__Exercise goal__
Return the stretch from the line with "Monkey Suites in Diani Beach" through the line with "2021 Jeep Wrangler Unlimited Willys Sport" in the data below, character for character, skipping all pictures.

__Exercise inputs__
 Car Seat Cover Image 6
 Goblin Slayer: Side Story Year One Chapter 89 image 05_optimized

--

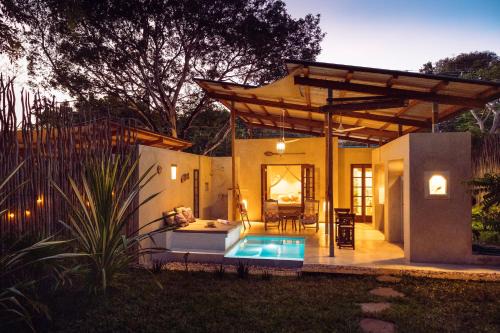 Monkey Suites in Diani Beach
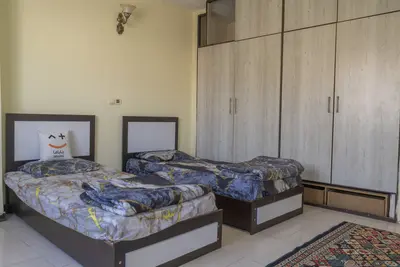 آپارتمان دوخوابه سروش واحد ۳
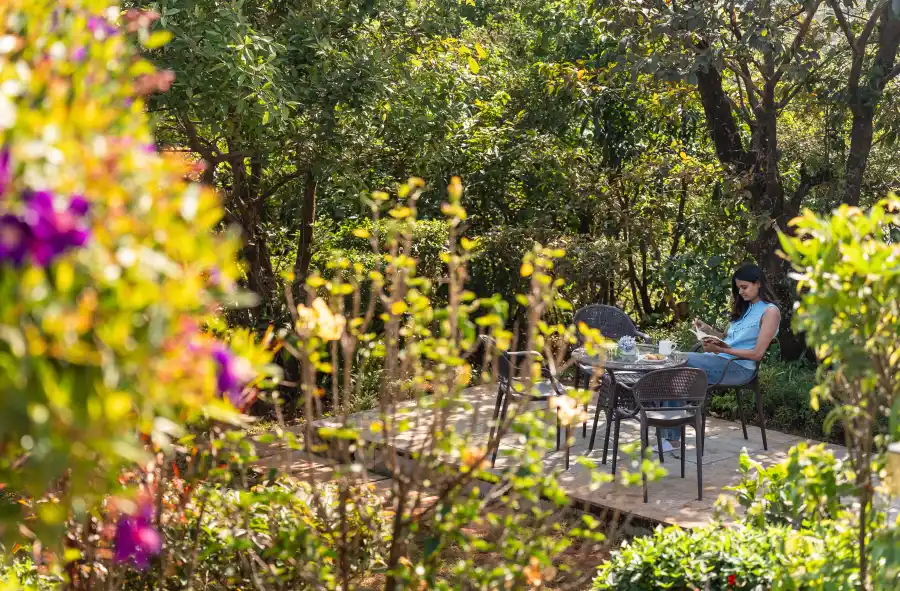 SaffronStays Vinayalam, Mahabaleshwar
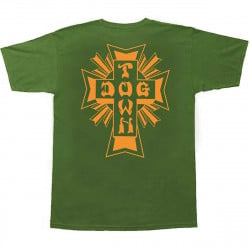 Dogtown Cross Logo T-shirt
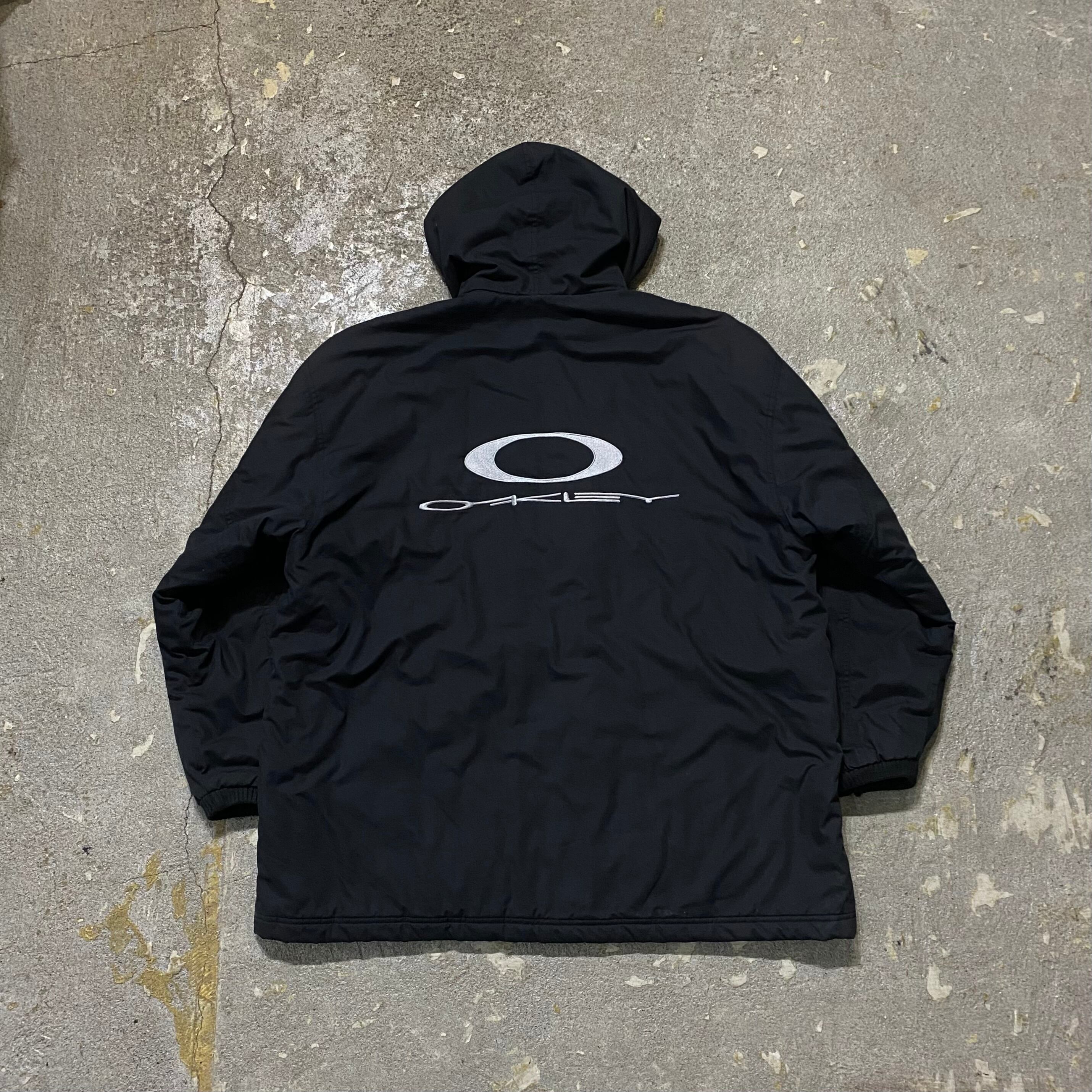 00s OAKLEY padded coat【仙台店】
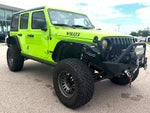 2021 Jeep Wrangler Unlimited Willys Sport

---

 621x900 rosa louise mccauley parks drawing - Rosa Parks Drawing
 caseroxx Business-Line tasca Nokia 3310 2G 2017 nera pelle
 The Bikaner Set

__Solution for this exercise__
 Monkey Suites in Diani Beach
 آپارتمان دوخوابه سروش واحد ۳
 SaffronStays Vinayalam, Mahabaleshwar
 Dogtown Cross Logo T-shirt
 00s OAKLEY padded coat【仙台店】
 2021 Jeep Wrangler Unlimited Willys Sport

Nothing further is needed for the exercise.